How would the Red Pill be Regulated?
It this too good to be true and if it is true how should the “red pill” be regulated? How would the product be classified—dietary supplement, over the counter pharmaceutical or prescription drug? Wouldn’t drinking a glass of wine suffice? According to a recent report, one would have to drink 100 glasses of wine for any medical benefits to occur.
Classification of the product is important in terms of how the United States Food and Drug Administration would regulate this product. If regulated as a dietary supplement pre-approval is not a requisite. If regulated as a prescription drug, then a New Application would have to be filed with the United States Food and Drug Administration (FDA). The Drug Approval process is time consuming and arduous. Yet, shouldn’t it be arduous when human safety issues are involved?

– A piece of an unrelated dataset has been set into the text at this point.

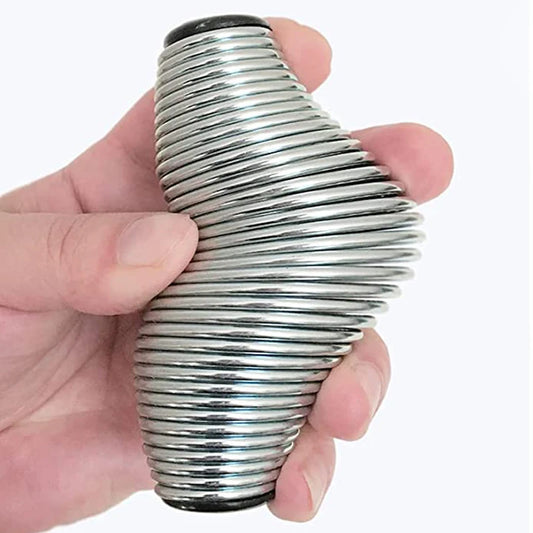 Metal spring grip fidget tool for sensory regulation and stress relief
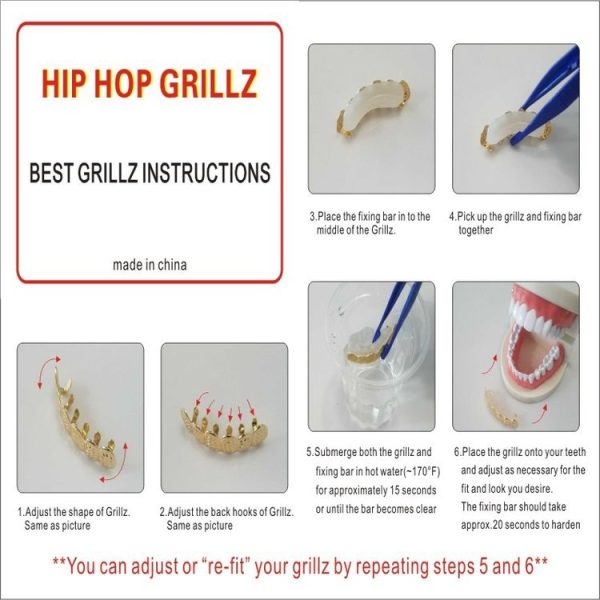 Real Gold Electroplating Halloween Decoration Denture And Tusk Suit COS Props (Gold) - Image 8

Who Would Have the Authority to Regulate An “Enriched Wine”?
Suppose wine could be “enriched” to provide medical benefits. Jurisdiction become tricky too. Jurisdiction under this scenario is a legal term of art that refers to the proper government entity that has the authority to regulate. How is wine regulated and who has the authority to regulate red wine? Is it the United States Department of Treasury, Alcohol, Tobacco, Tax and Trade Bureau (BATT)? Actually, BATT oversees alcoholic beverage regulation except wine beverages containing less than 7 percent alcohol, which are under the jurisdiction of FDA. BATT enforces laws that govern the production and distribution of alcoholic beverages and investigates adulterated alcoholic products with FDA assistance.
To date, the research seems promising and there may be medical benefits yet it appears that more research is needed. The current information and research is not yet definitive as to whether the product would even “work” or be beneficial. The reality is that more research is needed. As much as one can extol the myriad benefits of taking the “little red pill” or drinking red wine (100 glasses?) prudence is recommended. In the meantime, enjoy your red wine for what it is.